Although forgiveness can be difficult, it’s apparently an act that many people wish to attempt.
That’s how Lisa Rustici explained the healthy turnout of nearly 60 women who gathered March 25 at Our Lady of Lourdes Parish in Elmira for an evening of reflection that she organized, “A Cup of Forgiveness.”
“What I seem to be hearing is it got them jump-started. They knew they needed to forgive, and didn’t know how to start,” said Rustici, who serves as director of sacramental preparation for the cluster of Our Lady of Lourdes, St. Casimir and Charles Borromeo.
Rustici observed that the gathering brought out a large cross-section of women — “ones in their 80s or older, some in their 20s, married, widows. It really crosses generations,” she said. “A few were going through a divorce, a few were having real issues in the workplace, with family in general — not having talked to a sibling in awhile, not having talked to a daughter or son. There were even some who needed to forgive people who were no longer alive.”
The evening began with a silent soup supper, with participants bringing their own cups to reflect on the “cup of forgiveness” theme. A video was then shown conveying the message that if you don’t forgive today, you may not have tomorrow to do so.
“You really could’ve heard a pin drop,” Rustici remarked.

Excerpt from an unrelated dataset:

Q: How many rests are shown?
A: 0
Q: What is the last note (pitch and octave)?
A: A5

She said other points of discussion were the different stages of forgiveness, and “how forgiveness doesn’t mean you should be hurt again, be a doormat — sometimes you have to forgive from a distance.” Rustici also acknowledged that not everybody may be seeking the forgiveness you wish to offer: “When you forgive, it’s for yourself.”
A candlelight ceremony ended the evening, along with the singing of “Go Light Your World” as a reminder to promote forgiveness and harmony at every opportunity.

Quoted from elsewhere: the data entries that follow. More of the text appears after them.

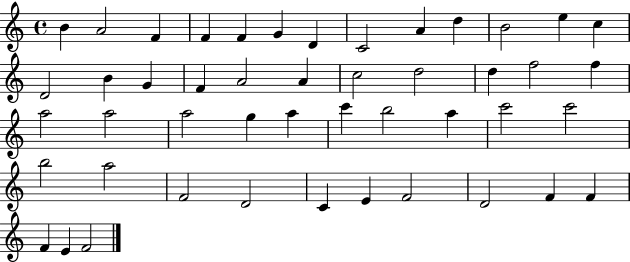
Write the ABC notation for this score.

X:1
T:Untitled
M:4/4
L:1/4
K:C
B A2 F F F G D C2 A d B2 e c D2 B G F A2 A c2 d2 d f2 f a2 a2 a2 g a c' b2 a c'2 c'2 b2 a2 F2 D2 C E F2 D2 F F F E F2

“Countries can’t get along if people can’t get along. It’s that whole ripple-effect thing,” Rustici said.
The event lasted for four hours and was open to all faiths. Rustici noted that one participant was a woman from out of town who had stopped in, curious, because she was walking by Our Lady of Lourdes and saw all the cars parked.
Rustici has organized these women’s events for the past six or seven years. In addition to one night during Lent, an evening gathering takes place during Advent with a similar structure that includes guest speakers, meditations, song, time for journaling, and/or videos.
“I used to go on retreat faithfully every year and just loved the idea of doing a women’s retreat. I don’t know, it’s become a real ministry for me,” Rustici remarked. “The thing has grown, and I’ve grown as a person, at least in this regard. I feel I’m doing what I should be doing. Things fall into place; you feel good about it.”
Rustici said she senses a need for increased Catholic adult-education opportunities in the Southern Tier, and the reflection nights are a way to do so without involving the cost and travel of going on an actual retreat.
“You really have to bring it to the people,” she said.
She added that attendance has increased steadily over the years, with the turnout on March 25 being “by far the highest.”
“This is truly a welcome sight for those of us who have seen this grow,” said Tere McCahill, a frequent participant who attends Our Lady of Lourdes.